From School Library Journal:
Grade 5-8-How would Sacagawea recount the story of her life to her son Pomp, who was just a baby when they crossed the uncharted West with Lewis and Clark? As this novel opens, the boy is six, traveling with his parents on a flatboat to St. Louis for a reunion with William Clark, who will oversee Pomp's formal education. The familiar passing landscape prompts Sacagawea to weave her story for her inquisitive son, who learns that his mother's journey was the culmination of an already extraordinary life. Sacagawea tells of being kidnapped at age 11 by hostile Hidatsa, married at age 13 to a man who won her as a gambling prize, and introduced to Lewis and Clark at age 16, taking an unwitting step into history as their interpreter and guide. Her eyewitness account of the journey details all its legendary hardships and triumphs, and while those events still make for exciting reading, this novel is most memorable for the flesh-and-blood Shoshoni woman who emerges from its pages. Sacagawea is revealed as a complex personality: a protective mother, a skilled navigator, and a brave negotiator who often saves the expedition from disaster. Her unique insight energizes this story and lifts it beyond mere adventure. It will have tremendous appeal for readers perhaps too young for Scott O'Dell's Streams to the River, River to the Sea (Houghton, 1986), another superb novel featuring a first-person narrative by Sacagawea.

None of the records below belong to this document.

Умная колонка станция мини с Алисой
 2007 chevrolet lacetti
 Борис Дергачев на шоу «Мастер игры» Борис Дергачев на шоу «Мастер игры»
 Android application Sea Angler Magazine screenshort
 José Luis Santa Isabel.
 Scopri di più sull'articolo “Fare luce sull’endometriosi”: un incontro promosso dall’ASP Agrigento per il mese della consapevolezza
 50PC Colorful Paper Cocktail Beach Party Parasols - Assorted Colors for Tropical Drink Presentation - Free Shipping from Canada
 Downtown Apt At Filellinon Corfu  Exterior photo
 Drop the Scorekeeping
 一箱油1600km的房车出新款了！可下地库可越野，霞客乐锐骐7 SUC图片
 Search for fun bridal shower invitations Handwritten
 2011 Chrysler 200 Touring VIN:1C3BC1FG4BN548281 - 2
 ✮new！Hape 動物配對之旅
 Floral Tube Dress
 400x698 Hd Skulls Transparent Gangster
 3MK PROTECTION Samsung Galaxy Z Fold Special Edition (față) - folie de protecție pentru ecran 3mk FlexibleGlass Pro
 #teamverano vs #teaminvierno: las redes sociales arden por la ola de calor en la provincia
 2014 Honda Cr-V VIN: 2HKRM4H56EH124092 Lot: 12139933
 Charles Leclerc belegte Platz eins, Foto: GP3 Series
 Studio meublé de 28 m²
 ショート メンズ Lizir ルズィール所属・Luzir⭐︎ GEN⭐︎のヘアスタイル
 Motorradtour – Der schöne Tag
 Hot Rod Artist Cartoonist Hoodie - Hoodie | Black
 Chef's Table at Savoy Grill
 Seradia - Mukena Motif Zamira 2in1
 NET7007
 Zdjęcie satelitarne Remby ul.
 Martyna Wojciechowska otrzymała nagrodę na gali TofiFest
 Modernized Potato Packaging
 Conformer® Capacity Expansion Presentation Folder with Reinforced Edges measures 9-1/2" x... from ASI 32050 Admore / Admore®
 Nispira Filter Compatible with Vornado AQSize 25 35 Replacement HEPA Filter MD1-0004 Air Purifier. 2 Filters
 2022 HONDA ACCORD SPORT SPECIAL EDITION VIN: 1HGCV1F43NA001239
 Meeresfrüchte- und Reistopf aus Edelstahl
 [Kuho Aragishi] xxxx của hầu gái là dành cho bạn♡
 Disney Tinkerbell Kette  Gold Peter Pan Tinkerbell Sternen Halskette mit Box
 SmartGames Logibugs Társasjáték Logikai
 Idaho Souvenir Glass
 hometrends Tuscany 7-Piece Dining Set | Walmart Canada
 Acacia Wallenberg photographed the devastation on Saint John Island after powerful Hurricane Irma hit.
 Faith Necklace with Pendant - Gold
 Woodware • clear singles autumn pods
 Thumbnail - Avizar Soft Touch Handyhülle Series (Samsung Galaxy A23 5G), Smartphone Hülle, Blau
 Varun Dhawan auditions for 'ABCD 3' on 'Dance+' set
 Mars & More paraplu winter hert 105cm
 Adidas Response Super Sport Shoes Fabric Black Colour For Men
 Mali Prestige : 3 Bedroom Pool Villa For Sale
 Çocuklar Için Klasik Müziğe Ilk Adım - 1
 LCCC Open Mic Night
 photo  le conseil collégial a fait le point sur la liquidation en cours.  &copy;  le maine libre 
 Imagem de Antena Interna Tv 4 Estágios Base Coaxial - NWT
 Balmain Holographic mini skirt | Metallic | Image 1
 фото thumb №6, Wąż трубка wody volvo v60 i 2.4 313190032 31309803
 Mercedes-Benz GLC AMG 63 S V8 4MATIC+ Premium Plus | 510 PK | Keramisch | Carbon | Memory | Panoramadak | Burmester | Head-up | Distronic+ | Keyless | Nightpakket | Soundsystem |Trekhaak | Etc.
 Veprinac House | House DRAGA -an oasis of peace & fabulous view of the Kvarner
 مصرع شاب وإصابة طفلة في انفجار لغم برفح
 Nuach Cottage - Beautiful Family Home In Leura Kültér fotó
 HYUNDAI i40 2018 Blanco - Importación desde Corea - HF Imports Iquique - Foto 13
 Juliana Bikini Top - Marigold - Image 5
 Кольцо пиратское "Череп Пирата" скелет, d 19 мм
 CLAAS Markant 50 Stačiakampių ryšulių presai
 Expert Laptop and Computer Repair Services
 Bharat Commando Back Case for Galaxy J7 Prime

William McLoughlin, Brookside School, Worthington, OH
Copyright 2000 Reed Business Information, Inc.
From Publishers Weekly:
The authors of Off the Map: The Journals of Lewis and Clark return to the story of those explorers' famous expedition, this time imagining the point of view of Sacagawea, Lewis and Clark's Shoshoni guide. Sacagawea is kidnapped by a neighboring tribe at age 11, then married off to a white trader. Shortly after the birth of her first son, Pomp, 15-year-old Sacagawea and her translator husband join the captains and their crew on their long, arduous journey west. Sacagawea secretly plans to abandon the party once she reaches her native village, but after spending months weathering hardships--illnesses, near drownings, attacks by grizzly bears, plagues of mosquitoes--her loyalties gradually shift. Sacagawea's detailed observations of nature ("I truly loved these tall white birds with their black wing tips. Their calls echoed over the river like the distant whooping of hunters jubilant after a successful hunt") and her practice of survival skills offset a certain patness in the diction ("My heart soared like the eagle") and provide insight into the discoveries and tribulations of both settlers and Native Americans. Ages 8-12. (Nov.)